• _Data_:
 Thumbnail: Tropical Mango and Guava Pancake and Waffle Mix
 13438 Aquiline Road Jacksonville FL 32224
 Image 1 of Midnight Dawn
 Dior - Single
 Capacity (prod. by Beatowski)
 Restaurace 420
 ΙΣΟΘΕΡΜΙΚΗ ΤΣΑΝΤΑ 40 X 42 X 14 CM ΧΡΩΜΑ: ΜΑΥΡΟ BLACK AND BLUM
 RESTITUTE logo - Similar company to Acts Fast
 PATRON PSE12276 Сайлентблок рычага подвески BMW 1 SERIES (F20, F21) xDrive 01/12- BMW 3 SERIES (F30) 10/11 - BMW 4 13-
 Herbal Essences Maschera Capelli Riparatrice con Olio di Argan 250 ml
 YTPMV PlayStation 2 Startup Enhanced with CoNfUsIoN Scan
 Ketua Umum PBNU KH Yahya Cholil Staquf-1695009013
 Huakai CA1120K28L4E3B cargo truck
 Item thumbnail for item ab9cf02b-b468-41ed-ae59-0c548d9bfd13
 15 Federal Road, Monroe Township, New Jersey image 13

---

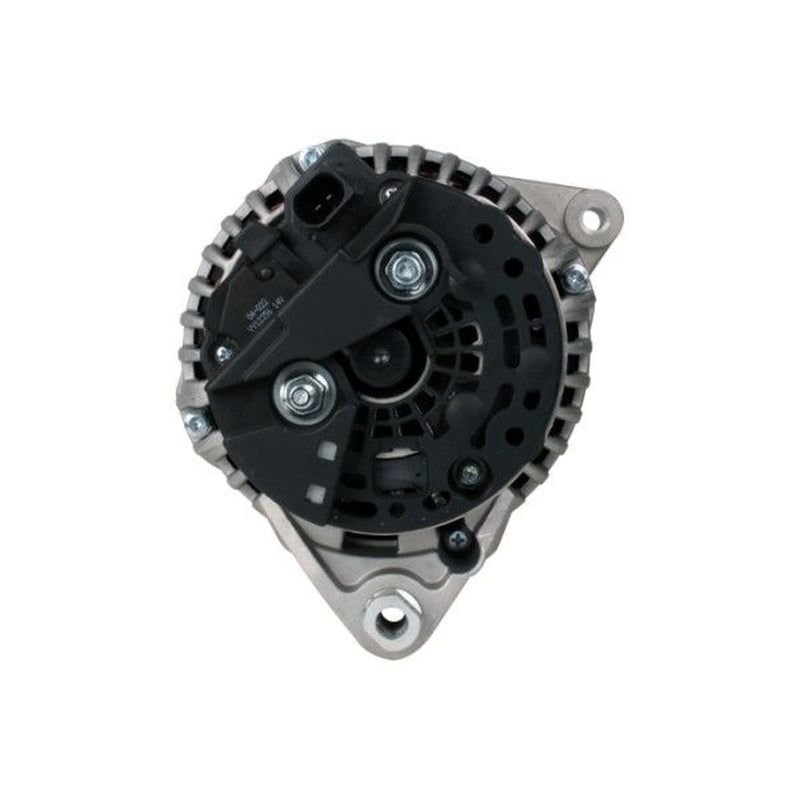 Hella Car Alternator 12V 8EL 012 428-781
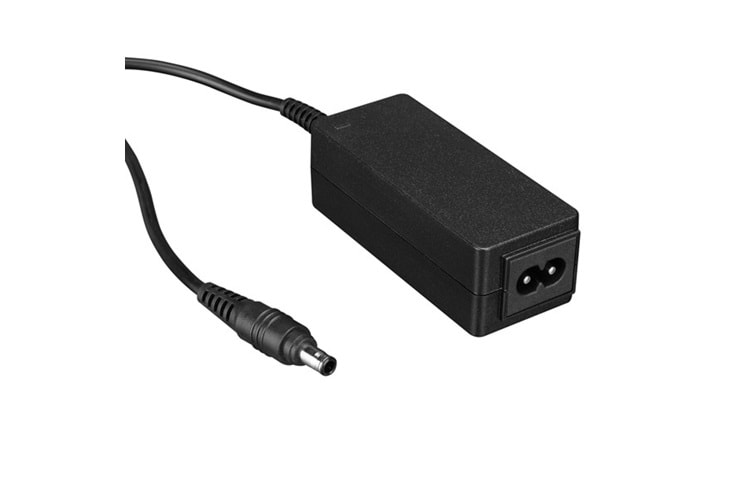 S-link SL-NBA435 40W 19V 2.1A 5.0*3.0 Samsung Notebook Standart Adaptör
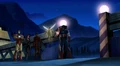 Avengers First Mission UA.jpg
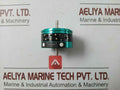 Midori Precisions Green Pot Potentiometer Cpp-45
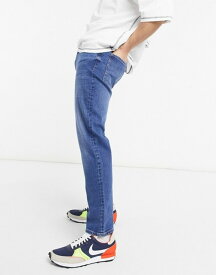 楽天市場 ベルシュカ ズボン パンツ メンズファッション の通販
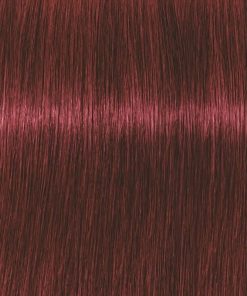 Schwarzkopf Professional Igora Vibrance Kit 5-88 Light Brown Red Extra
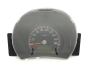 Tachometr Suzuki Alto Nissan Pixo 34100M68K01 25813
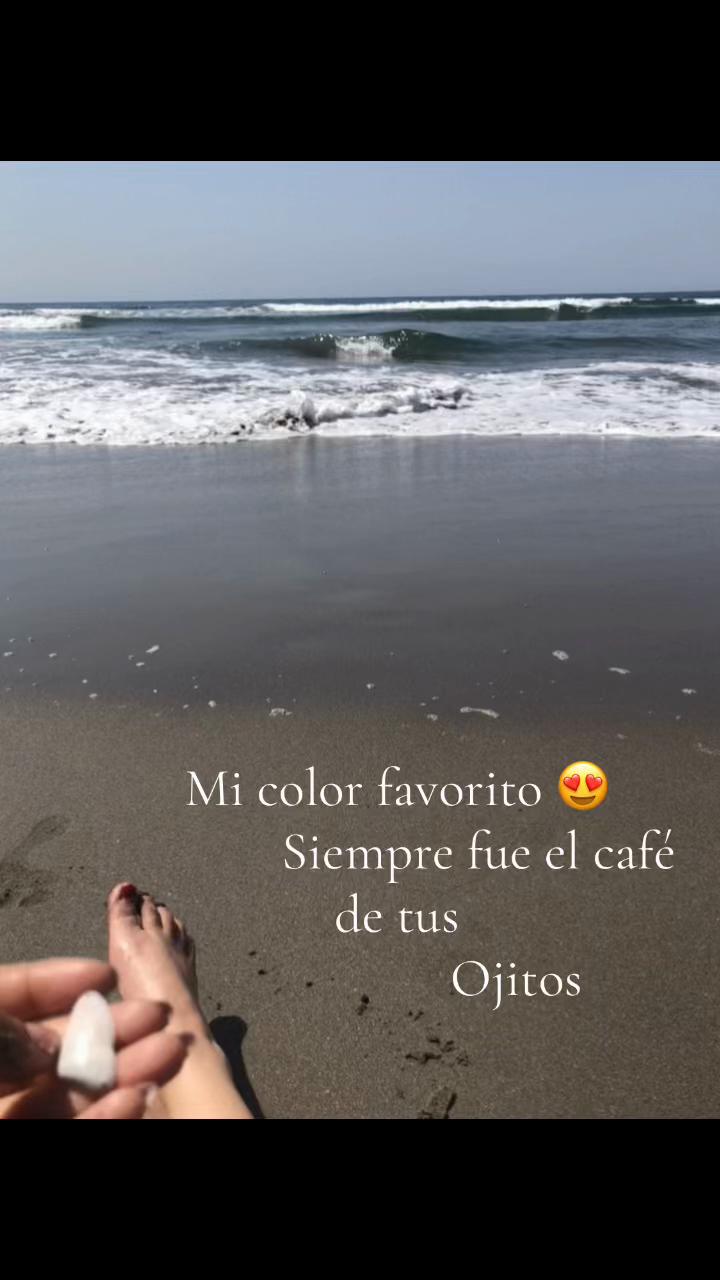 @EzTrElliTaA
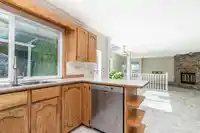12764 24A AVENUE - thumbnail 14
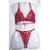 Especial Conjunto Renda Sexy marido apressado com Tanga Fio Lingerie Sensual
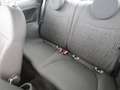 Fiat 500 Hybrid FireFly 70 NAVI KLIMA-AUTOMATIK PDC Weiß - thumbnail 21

--

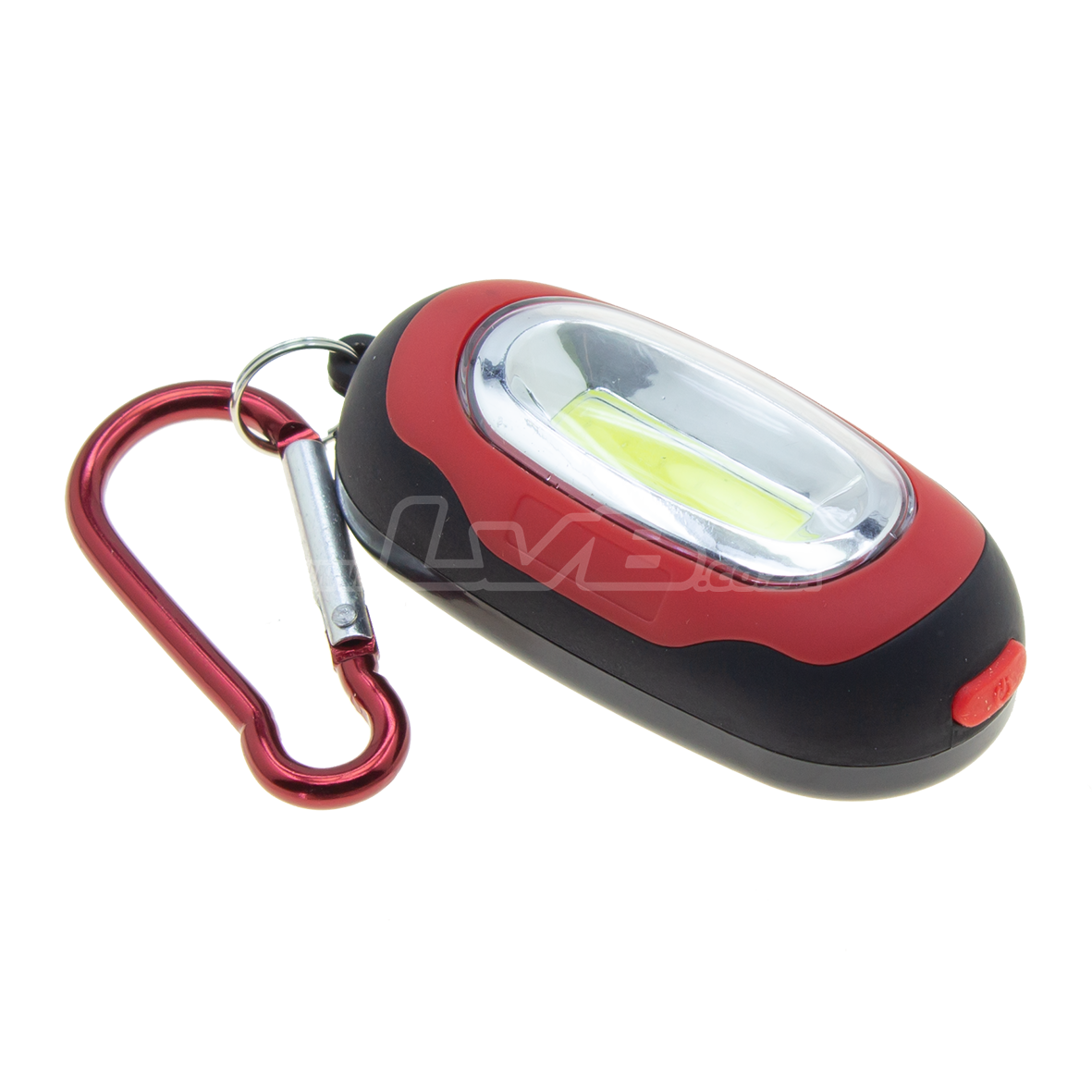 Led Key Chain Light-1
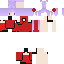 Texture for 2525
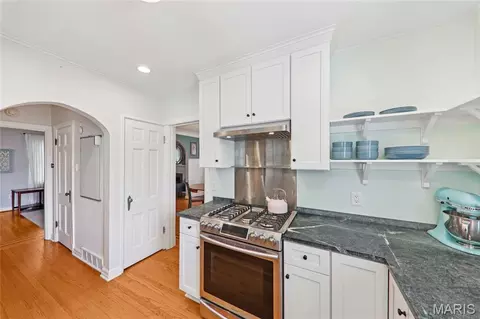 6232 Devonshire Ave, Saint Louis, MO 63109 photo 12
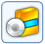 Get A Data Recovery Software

• _Work order_:
What is needed is an exact copy of the lines above, from the one containing "Thumbnail: Tropical Mango" through the one containing "ΙΣΟΘΕΡΜΙΚΗ ΤΣΑΝΤΑ 40", with nothing added.

• _Solution below_:
 Thumbnail: Tropical Mango and Guava Pancake and Waffle Mix
 13438 Aquiline Road Jacksonville FL 32224
 Image 1 of Midnight Dawn
 Dior - Single
 Capacity (prod. by Beatowski)
 Restaurace 420
 ΙΣΟΘΕΡΜΙΚΗ ΤΣΑΝΤΑ 40 X 42 X 14 CM ΧΡΩΜΑ: ΜΑΥΡΟ BLACK AND BLUM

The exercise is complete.